The Deal With the Devil
The Russian full-scale invasion of Ukraine has been going on for over 4 years. It is the largest war on the European continent since the Second World War. Russia has been able to sustain this war despite suffering massive casualties, which some experts place above three hundred thousand men dead, without a forced mobilisation policy. The one time a partial mobilisation was announced in the autumn of 2022, it sparked the only mass protests since the war began. The Russian population so far is willing to ignore the decreasing political freedoms or the atrocities committed by the Russian army in Ukraine. Yet any proposal resembling forced military conscription has led to severe public backlash and growing tension between the government and the people. The Russian government understands this. As a result, the vast bulk of Russian soldiers invading Ukraine are contract soldiers serving under agreements with the Russian army, rather than conscripts.
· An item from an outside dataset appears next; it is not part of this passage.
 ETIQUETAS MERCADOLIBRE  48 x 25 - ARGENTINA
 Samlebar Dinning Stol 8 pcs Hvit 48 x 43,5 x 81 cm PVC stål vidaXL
The reason this system has been effective so far is not that there is a huge supply of men willing to fight for ideological reasons, but rather the lucrative nature of these military contracts. For many Russians, especially those living far from big cities located in the European part of Russia, a contract with the Russian military seems to be the only way out of poverty. These contracts offer a 400,000 ruble sign-up bonus. Overall, payments can exceed 2 million rubles. Furthermore, in case of a soldier’s death, his immediate family can receive a substantial compensation payment from the state. For context, the average salary in Russia is about 80,000 rubles. In some of Russia's poorer regions, this figure can be as low as 40,000 rubles. Thus, it may not seem surprising that various statistics indicate that people from lower socioeconomic backgrounds and regions are disproportionately represented in the Russian military. Vladimir Putin has claimed that in 2025 alone, more than 400,000 people signed contracts with the Russian army. Rather than relying on the population's patriotic enthusiasm, the Kremlin created a system in which military service functions like a high-risk labour market that allows impoverished individuals to improve their financial well-being.
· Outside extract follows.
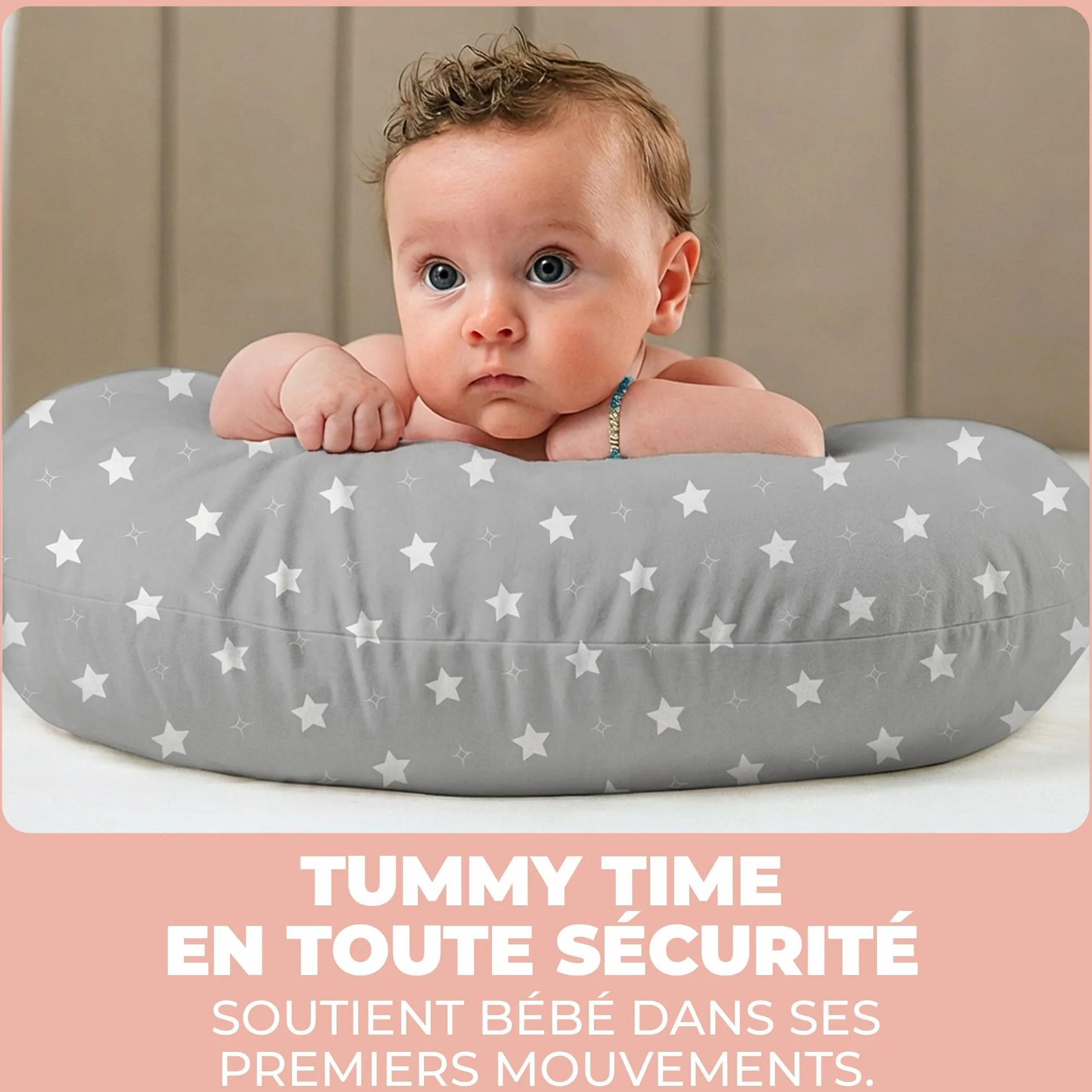 Oreiller de Grossesse et Allaitement XXL Coussin Multifonctionnel avec Taie en 100% Coton pour Dormir sur le Côté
What adds another layer to this situation is that the nature of Russian recruitment directly affects how the role of ordinary Russians in this war is perceived. A common argument used by some of the Russian opposition members is that it is Putin’s war and that the vast majority of Russians do not support it. Yet when a large share of Russian soldiers currently fighting in Ukraine appear to be serving under voluntary contracts rather than formal mobilisation orders, this argument becomes harder to sustain.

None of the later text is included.